WHAT TO DO. Transcribe, starting at the line with "Yangcheon-gu Laser Hair" and ending at the line with "Diagram where Addison's", every line of the material below exactly, but leave out the pictures and anything outside that span.

DATASET RECORDS.
=-=-=-=-=
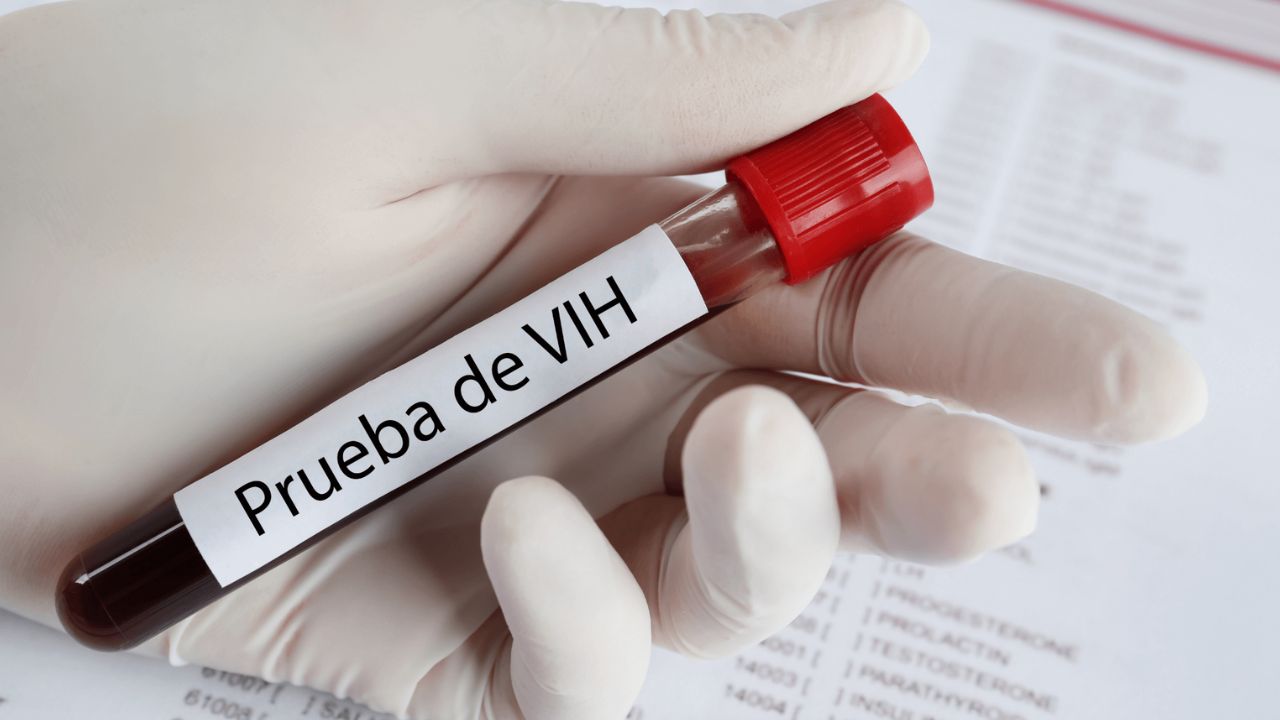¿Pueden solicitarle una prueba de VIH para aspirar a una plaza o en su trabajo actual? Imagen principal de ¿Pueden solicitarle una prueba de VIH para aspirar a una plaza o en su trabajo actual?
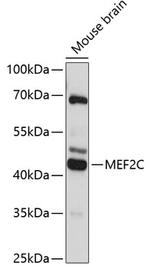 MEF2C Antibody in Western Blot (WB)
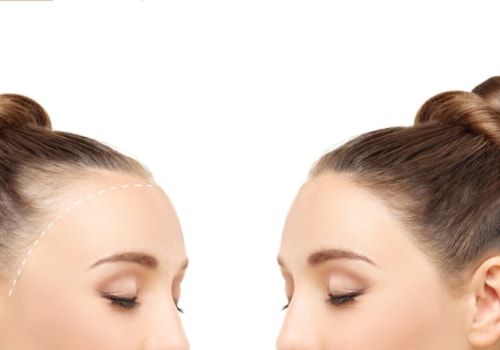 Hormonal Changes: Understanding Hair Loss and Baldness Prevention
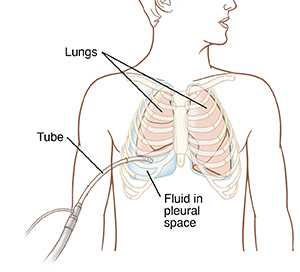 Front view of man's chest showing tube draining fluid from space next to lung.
=-=-=-=-=
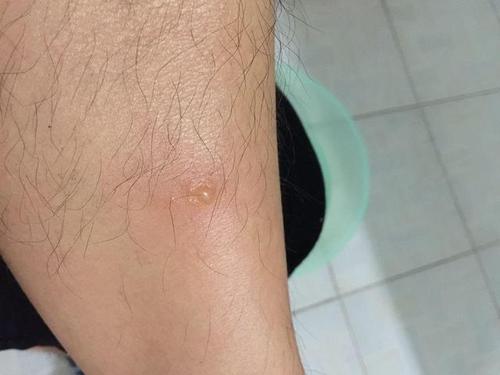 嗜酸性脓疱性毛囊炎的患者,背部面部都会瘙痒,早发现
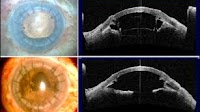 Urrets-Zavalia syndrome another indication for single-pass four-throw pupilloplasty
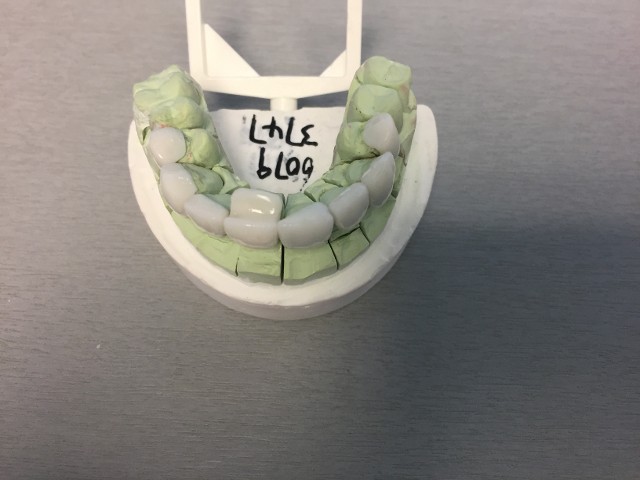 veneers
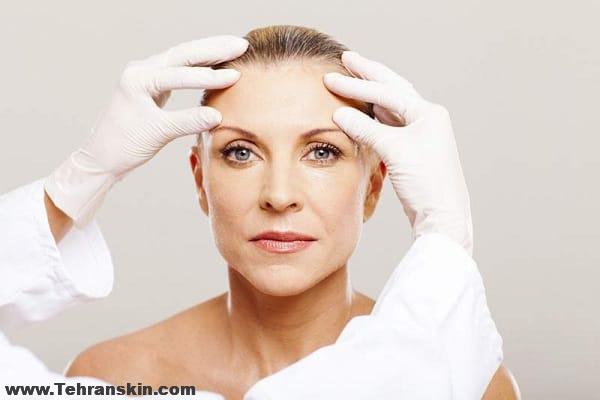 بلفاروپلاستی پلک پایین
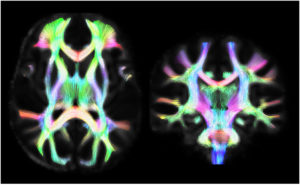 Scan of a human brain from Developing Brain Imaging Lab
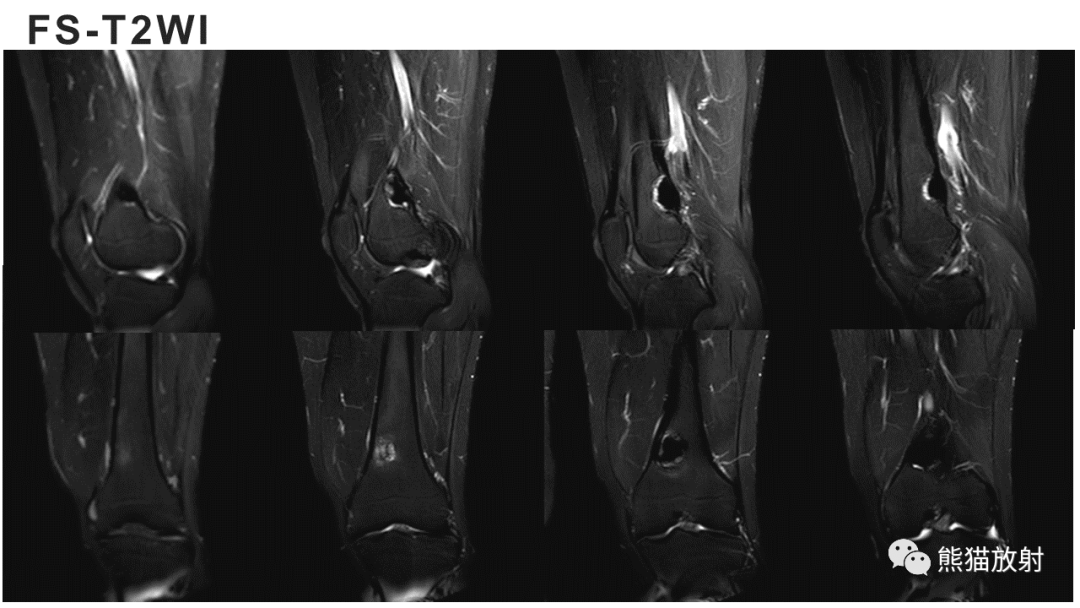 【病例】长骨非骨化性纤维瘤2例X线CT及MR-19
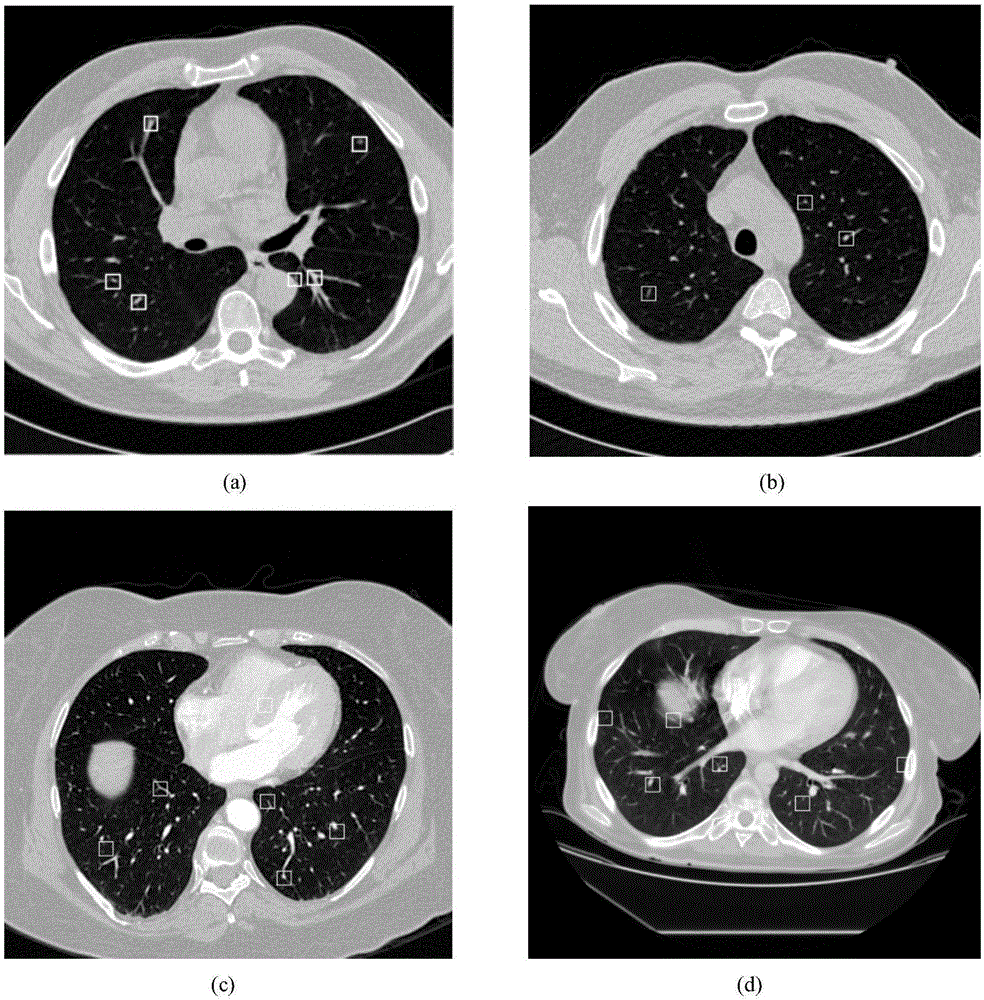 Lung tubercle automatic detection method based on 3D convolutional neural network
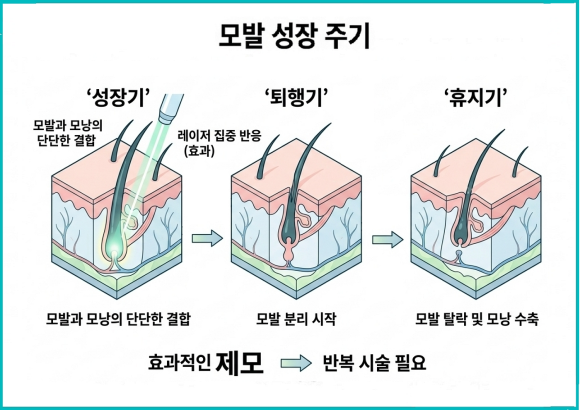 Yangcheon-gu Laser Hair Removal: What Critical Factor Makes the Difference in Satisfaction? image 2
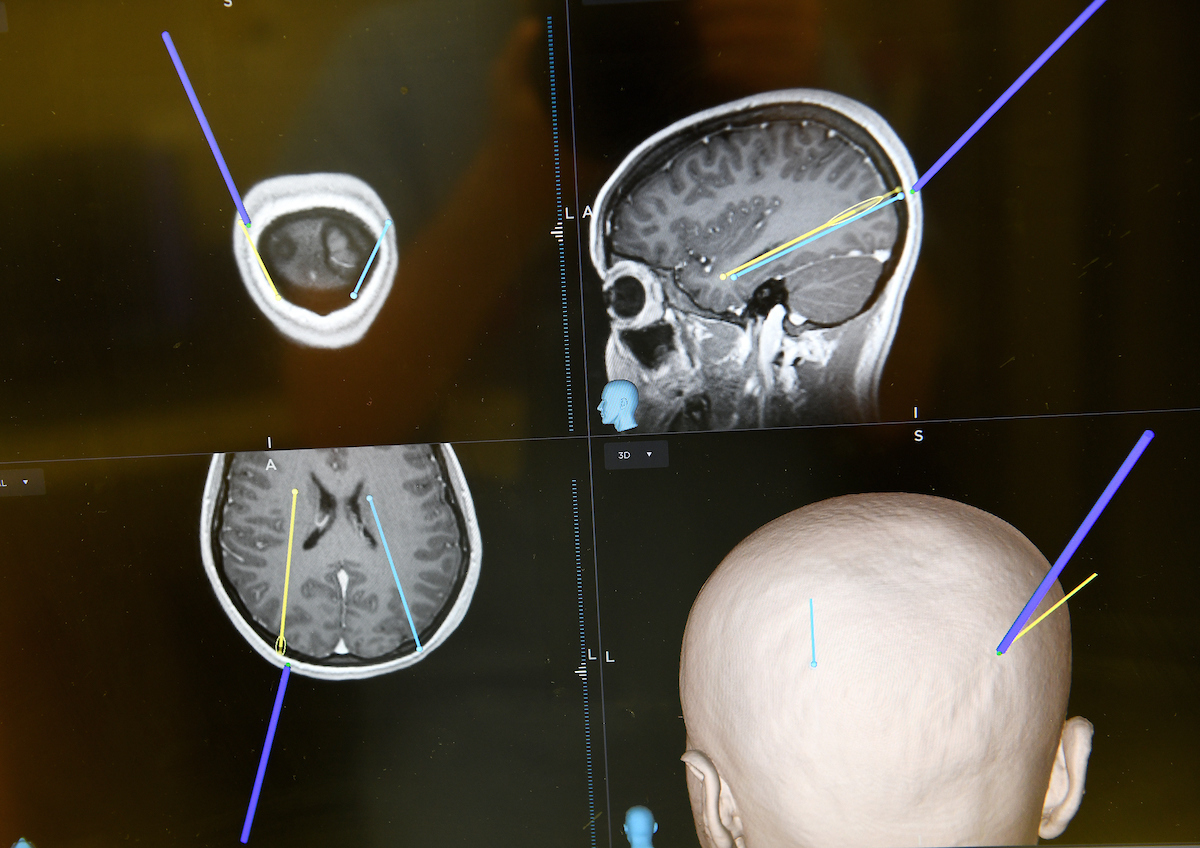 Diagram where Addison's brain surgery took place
=-=-=-=-=
EXERCISE OUTPUT.
 Yangcheon-gu Laser Hair Removal: What Critical Factor Makes the Difference in Satisfaction? image 2
 Diagram where Addison's brain surgery took place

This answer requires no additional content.